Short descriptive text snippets
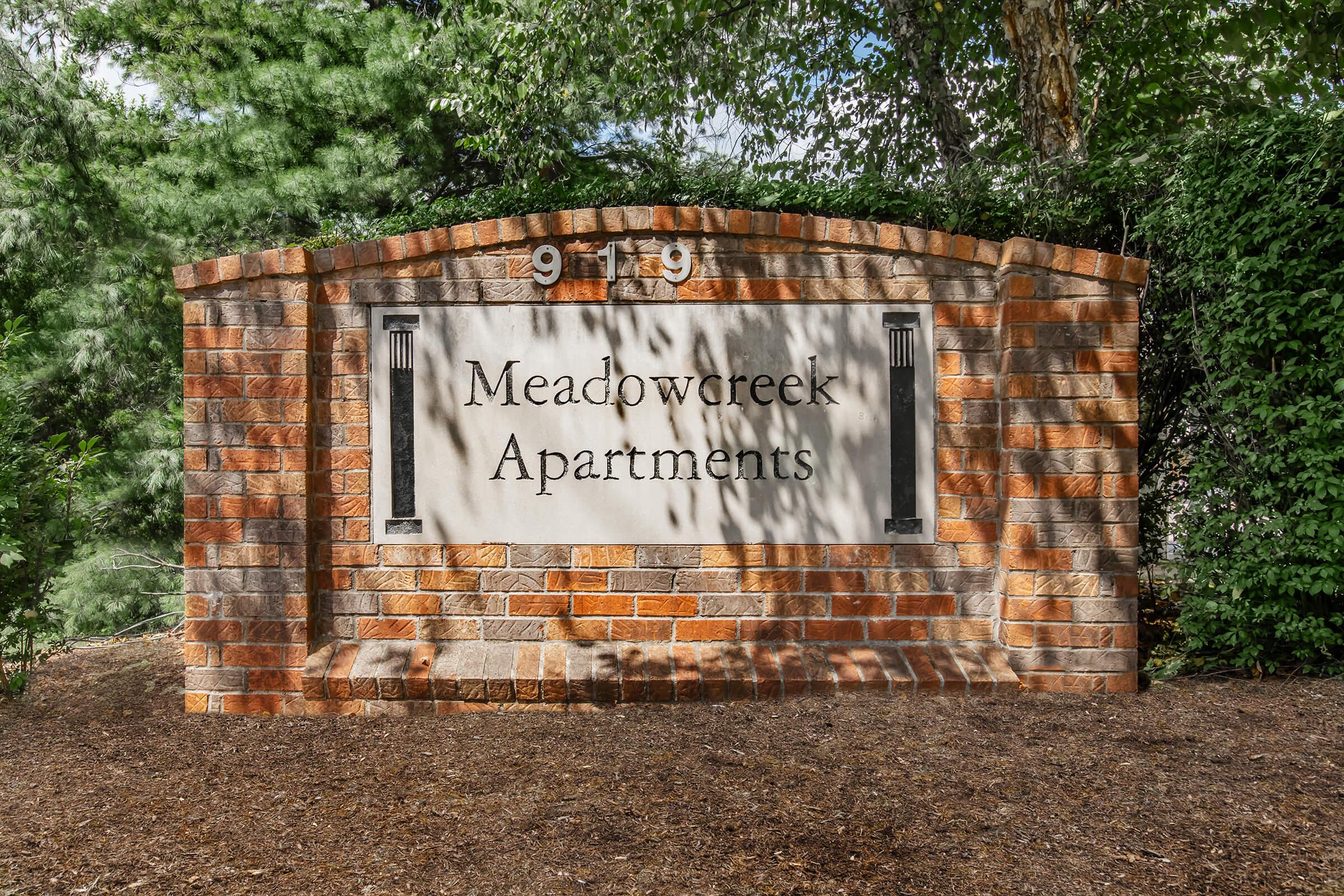 Stone sign for Meadowcreek Apartments with the number 919 displayed prominently. The sign features decorative elements and is surrounded by greenery, indicating a well-maintained residential area.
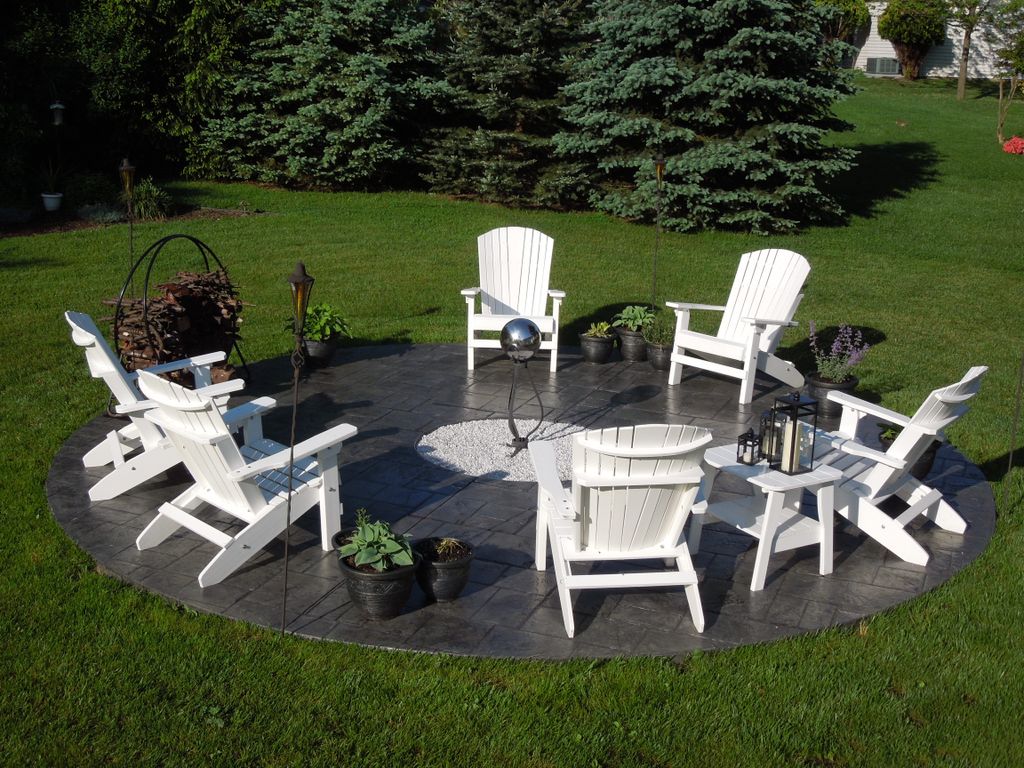 Decorative stamped circular concrete patio with a 
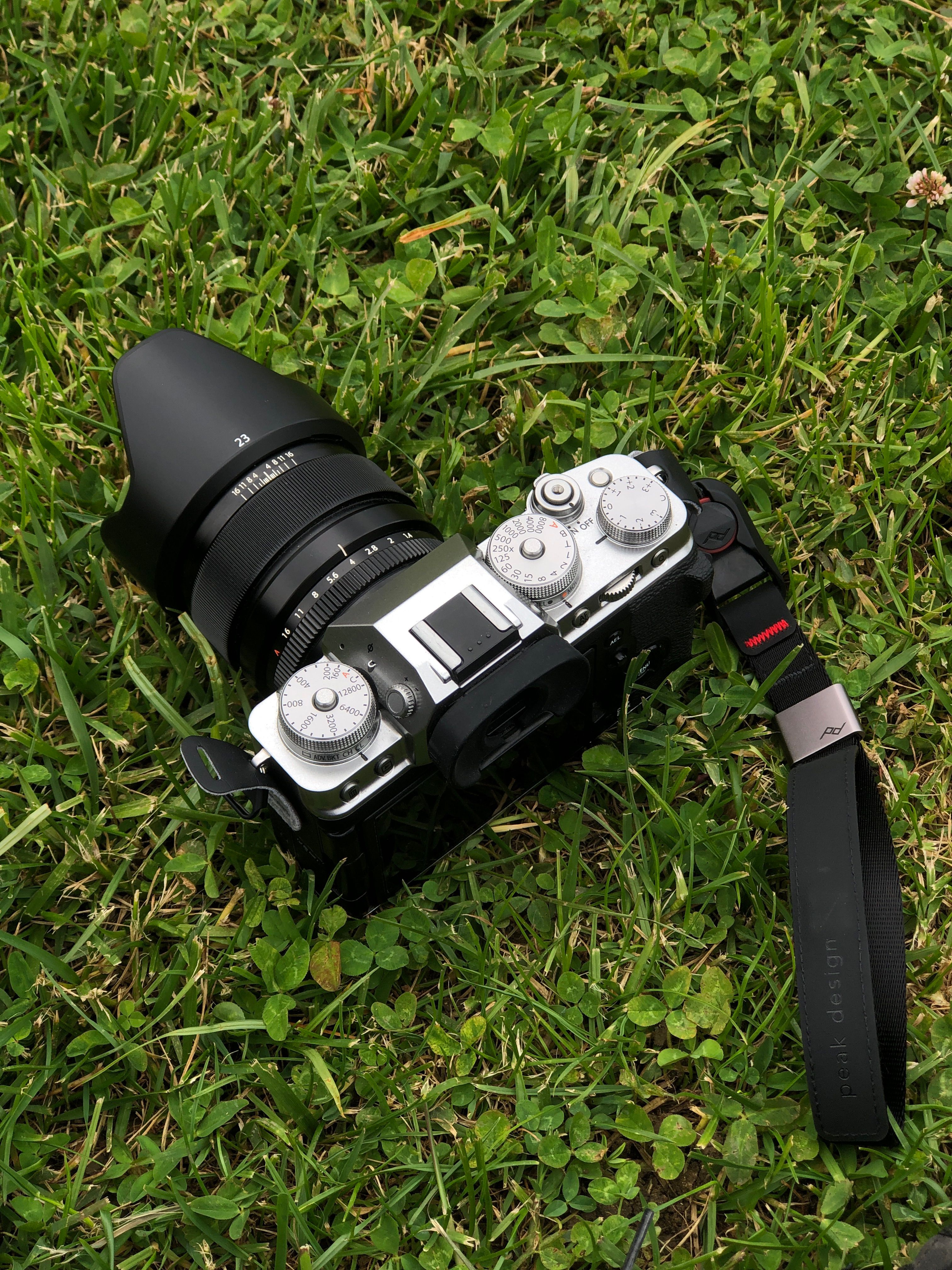 Close-up of Camera Lying in the Grass · Free Stock Photo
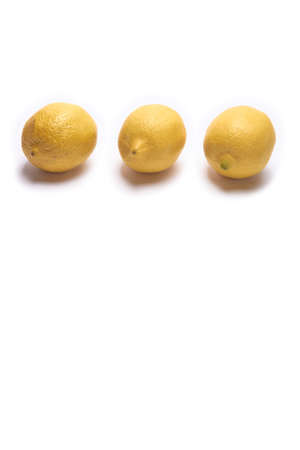 Three lemons on a white background with space for textの写真素材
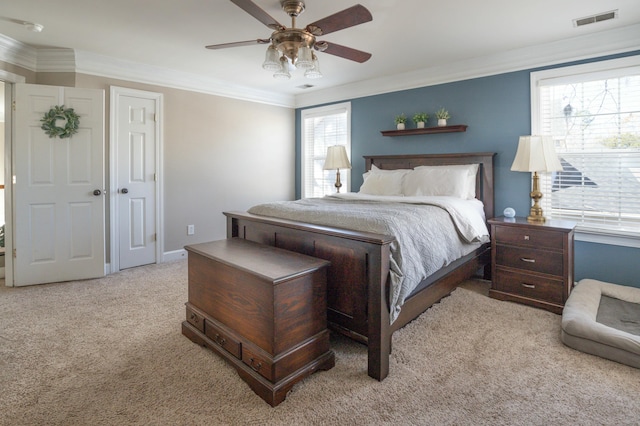 carpeted bedroom with ceiling fan and ornamental molding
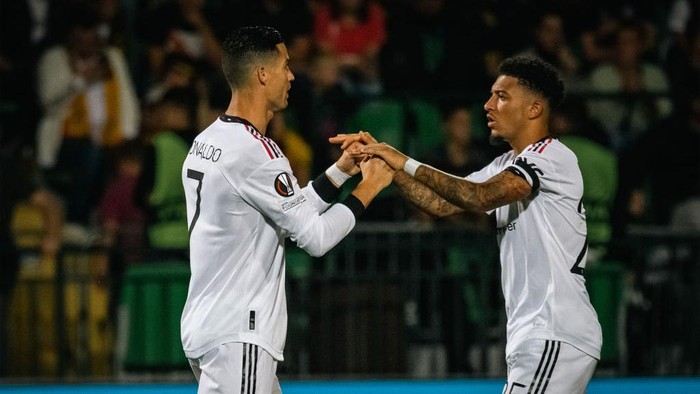 Cristiano Ronaldo, Jadon Sancho CHISINAU, MOLDOVA - SEPTEMBER 15: Cristiano Ronaldo and Jadon Sancho of Manchester United walk out ahead of the UEFA Europa League group E match between Sheriff Tiraspol and Manchester United at Stadionul Zimbru on September 15, 2022 in Chisinau, Moldova. (Photo by Ash Donelon/Manchester United via Getty Images)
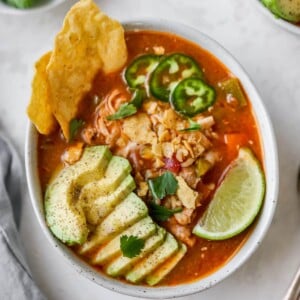 Bowl of chicken tortilla soup with avocado, line, jalapeno and chips as garnish.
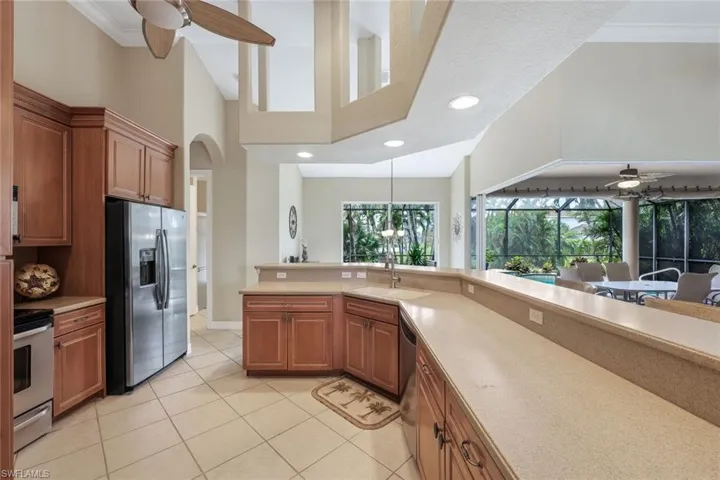 Kitchen featuring crown molding, stainless steel appliances, lots of counter space, breakfast bar & dining area.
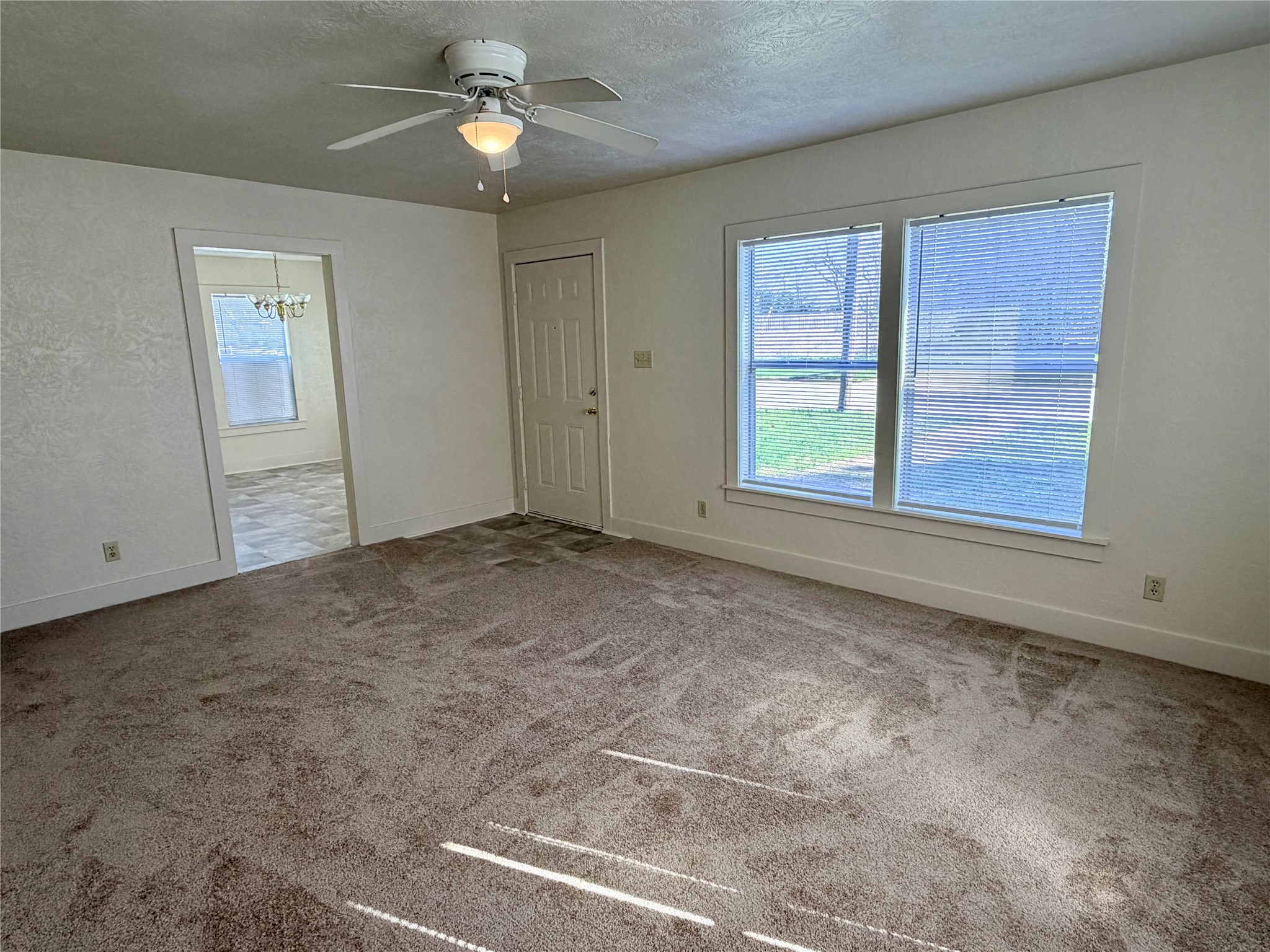 500 West Third Street Brenham, TX 77833 - Photo 6 of 16 a view of an empty room with a window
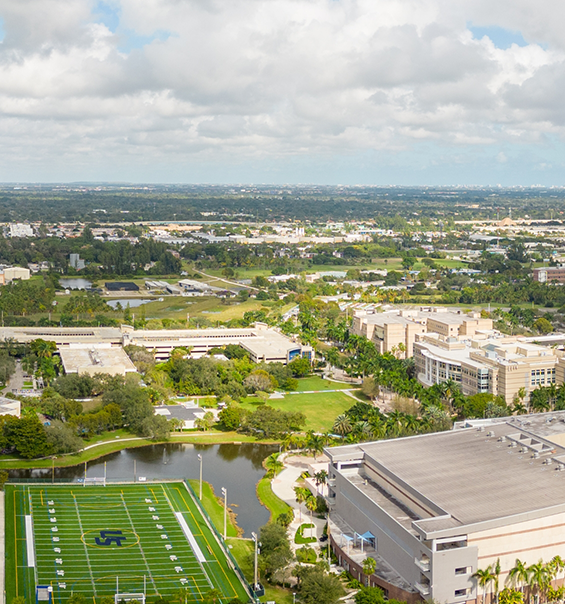 Aerial view of a football field and part of a university campus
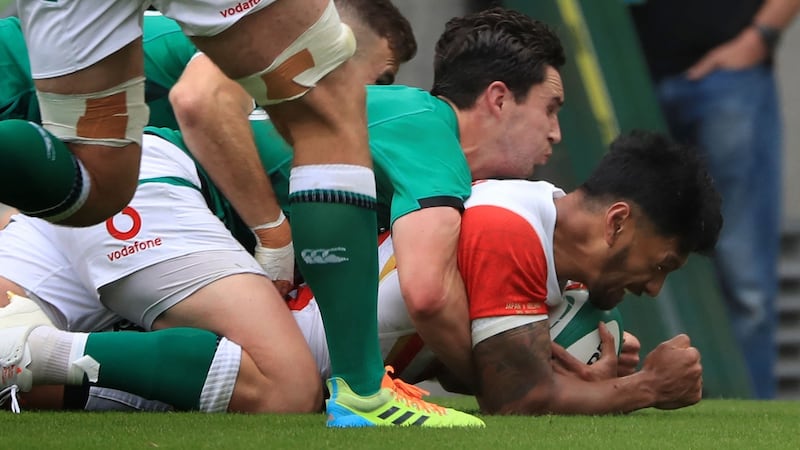 Timothy Lafaele scores a try. Photo: Donall Farmer/AFP via Getty Images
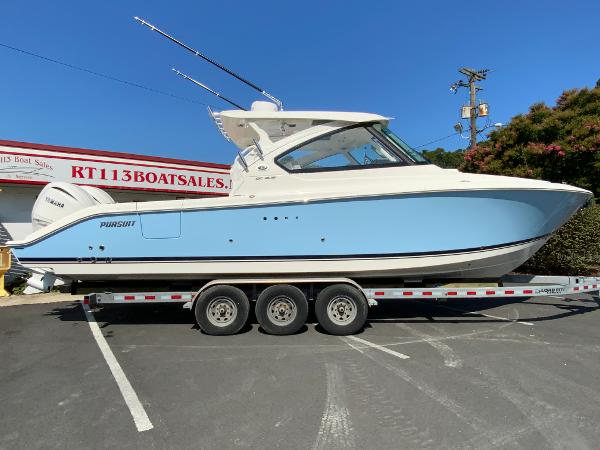 Pursuit DC 306 Dual Console 2025 Pursuit DC 306 Dual Console boat on a trailer at RT113 Boat Sales.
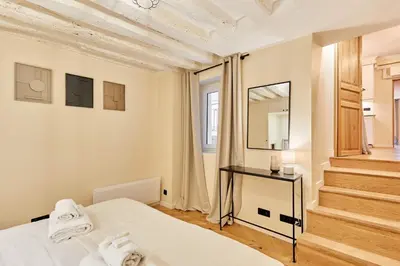 Un ou plusieurs lits dans un hébergement de l'établissement Cozy Apartment Center of Paris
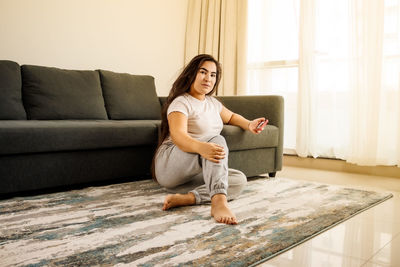 Portrait of young woman sitting by sofa at home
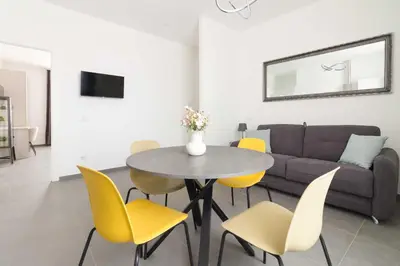 a living room with a table and yellow chairs at Gilda's Home in Rome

#### TASK REQUIREMENTS
Copy back exactly the lines above from the one containing "Kitchen featuring crown" through the one containing "Aerial view of", and leave every picture behind.

#### WRITTEN RESPONSE
 Kitchen featuring crown molding, stainless steel appliances, lots of counter space, breakfast bar & dining area.
 500 West Third Street Brenham, TX 77833 - Photo 6 of 16 a view of an empty room with a window
 Aerial view of a football field and part of a university campus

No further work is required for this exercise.